PF/C combo would be nice


----------



## HayesFan (Feb 16, 2006)

OneBadLT123 said:


> PF/C combo would be nice



Agreed... just a PF or just a C won't get it done.. you need someone with versatility who can move inside or out in order to play with Yao.

However if an absolutely sensational PG who shoots well and dishes well should be available.. I chose him first


----------



## hroz (Mar 4, 2006)

A C would be nice C/PF combo would be even better.

Lets be realistic Mutumbo will retire soon, which really only leaves Yao as a C. 
We need a rookie who can play 12mins a game at C. 
Remembering we arent going to get a top pick, Im not sure where our pick is going to be but I think its going to be relatively low, so the best we might get is probably a solid role player. 

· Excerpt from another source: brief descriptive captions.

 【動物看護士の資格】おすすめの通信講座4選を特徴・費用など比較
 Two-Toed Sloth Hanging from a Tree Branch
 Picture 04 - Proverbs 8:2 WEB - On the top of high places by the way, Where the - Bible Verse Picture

At PF we have Howard & Hayes have got that position for two more years atleast so no rush there. Maybe Novak & Battier aswell

SF & SG We have McGrady Battier Head Snyder Novak Spanoulis those not playing minutes are young so no need to worry.

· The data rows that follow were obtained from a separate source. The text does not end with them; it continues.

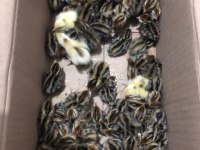 Bıldırcın Yumurta Civciv Ve Anaç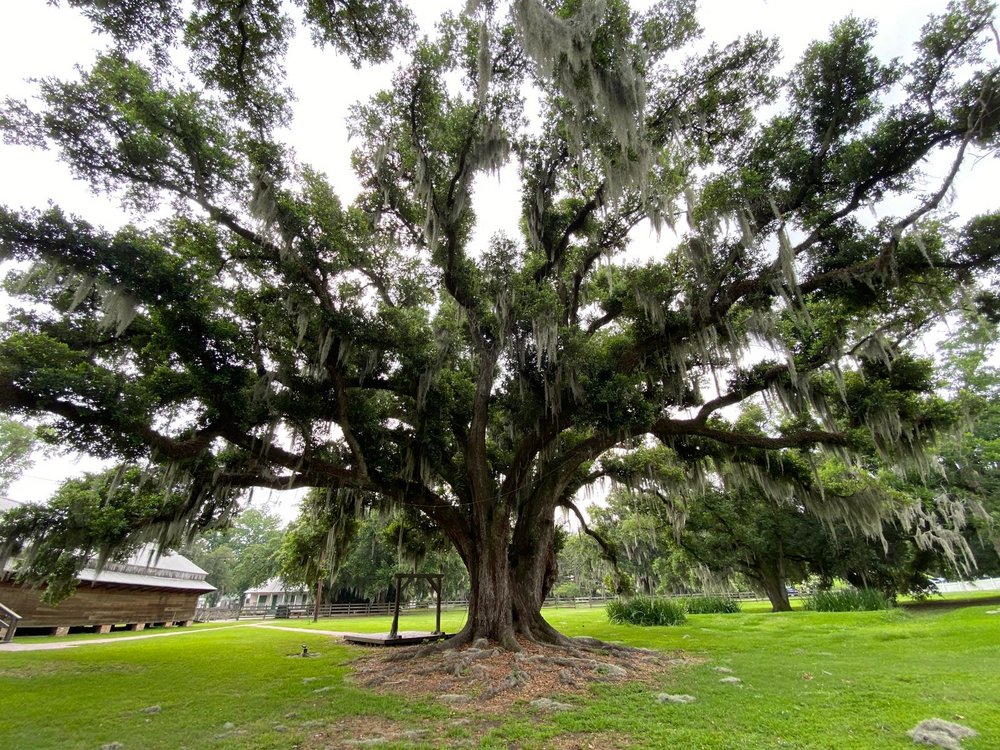 Delegacja UŁ na targach NAFSA w Nowym Orleanie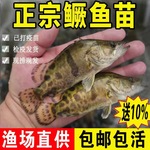 湖南大鳜鱼苗桂鱼苗桂花鱼苗淡水翘嘴鳜鱼苗肉食性路亚季花鱼贵鱼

PG Alston Lucas Spanoulis. I would love to get a Paul or Deron somehow but chances are thats not going to happen, considering our number. Best chance for a PG is a trade.


----------



## Pimped Out (May 4, 2005)

the best available player. position be damned.


----------



## crazyfan (Dec 9, 2005)

If Bill Walker can get his appeal to be successful, I would take him regardless of his injury.


----------



## Rush (Jan 11, 2007)

whos Bill walker??


----------



## HayesFan (Feb 16, 2006)

Rush said:


> whos Bill walker??


He played at North College Hill near here with OJ Mayo. He is a good player... deemed ineligible to play another year in high school. Instead he took the GED and graduated high school and enrolled with Kansas State and Bob Huggins... only to tear his ACL earlier this week.

Good kid, smart, highly athletic. That is another guy who has had a rough year, needs some sort of break.

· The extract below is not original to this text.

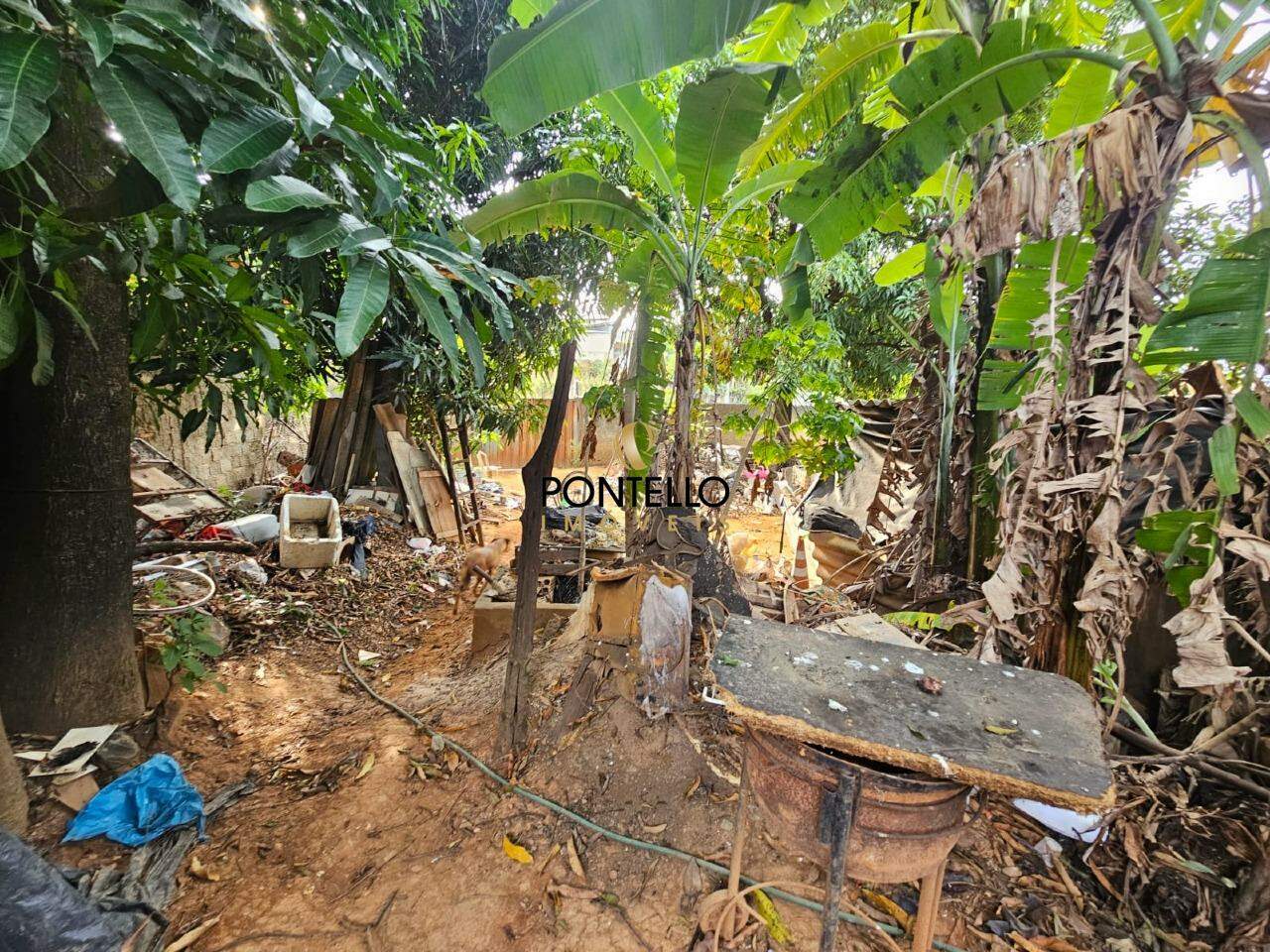 Terreno, 450 m² - Foto 6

When did he appeal? and what for?


----------



## crazyfan (Dec 9, 2005)

HayesFan said:


> He played at North College Hill near here with OJ Mayo. He is a good player... deemed ineligible to play another year in high school. Instead he took the GED and graduated high school and enrolled with Kansas State and Bob Huggins... only to tear his ACL earlier this week.
> 
> Good kid, smart, highly athletic. That is another guy who has had a rough year, needs some sort of break.
> 
> When did he appeal? and what for?



wells, the nba has been insisting that Bill is ineligble for the 07 draft.

Walker had been intending to appeal his case to the Association and now even with his injury might still take that chance.

It's a bit like the case with Fitzgerald and Mike Williams.


----------



## HayesFan (Feb 16, 2006)

crazyfan said:


> wells, the nba has been insisting that Bill is ineligble for the 07 draft.
> 
> Walker had been intending to appeal his case to the Association and now even with his injury might still take that chance.
> 
> It's a bit like the case with Fitzgerald and Mike Williams.


Well they said he had to be removed one year from high school correct? So does that mean from the day he got his GED?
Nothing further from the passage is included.